Changes happen in real-time, too. In Realm’s example, two users of a sketching app work collaboratively at first; one user is disconnected from the Realm server, but continues to work on the image, as does the second user. After the first user is reconnected, his changes start popping up on the other person’s screen as if he were working normally.
That’s because the Realm server saves each line or doodle as a data-point. When the user reconnects, the server knows when his work last synced with that of the other user, and starts plotting the latest data points (lines and such) on the latter’s screen one-by-one rather than dropping everything in all at once.
For users, it’s a win-win scenario. They can work natively, and collaboration isn’t subject to suspect connectivity or a stodgy cloud platform. “It’s very hard to build reliably realtime features into mobile apps today,” Stigsen said. “Yet this is what users increasingly expect of their apps.”
For developers, the upside is potentially massive. Mobile Database lets anyone create real-time collaborative apps, which is great for those who’ve relied on a share sheet to let two users work together, or haven’t even approached the subject because the cumbersome overhead of managing a server environment. After downloading a Realm Object Server and setting up the Realm Browser (which helps you manage data), there’s a sample iOS to-do app named RealmTasks you can tinker with to discover how powerful it can be.
“With Realm, data synchronization is automatic and seamless, you don’t need to write or manage any networking code.
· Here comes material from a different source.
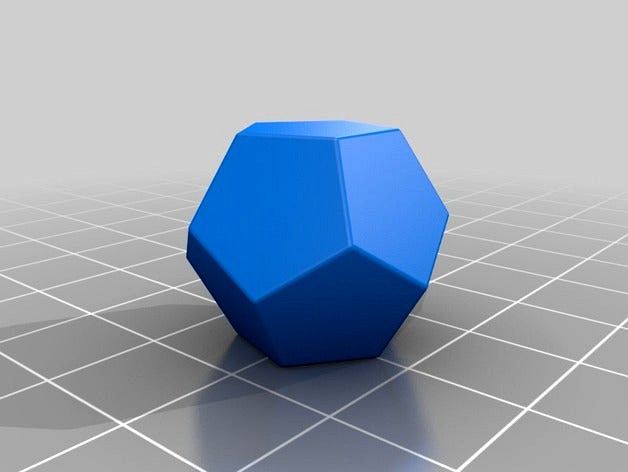 Platonic Polyhedra 1: Dodecahedron & Parts Thereof by bathrobotics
You can simply build your app and know that it will always be working with full up-to-objects,” Stigsen said. “Think about what it means if you can just know that the objects on the devices are always fully synchronized with the objects on the server: building things like live collaboration is so much easier. ”
If you’re writing actual data to an app (like a note-taking app), Mobile Database works just like the familiar Realm database solution. As expected, it’s easy to get started with Mobile Database, too — just ten lines of code in the app to manage synchronization.
Mobile Database is currently in beta, which is helping Realm make sure its internal testing will scale. If you’re interested in giving Mobile Database a shot, the company is currently accepting requests to be part of the beta program.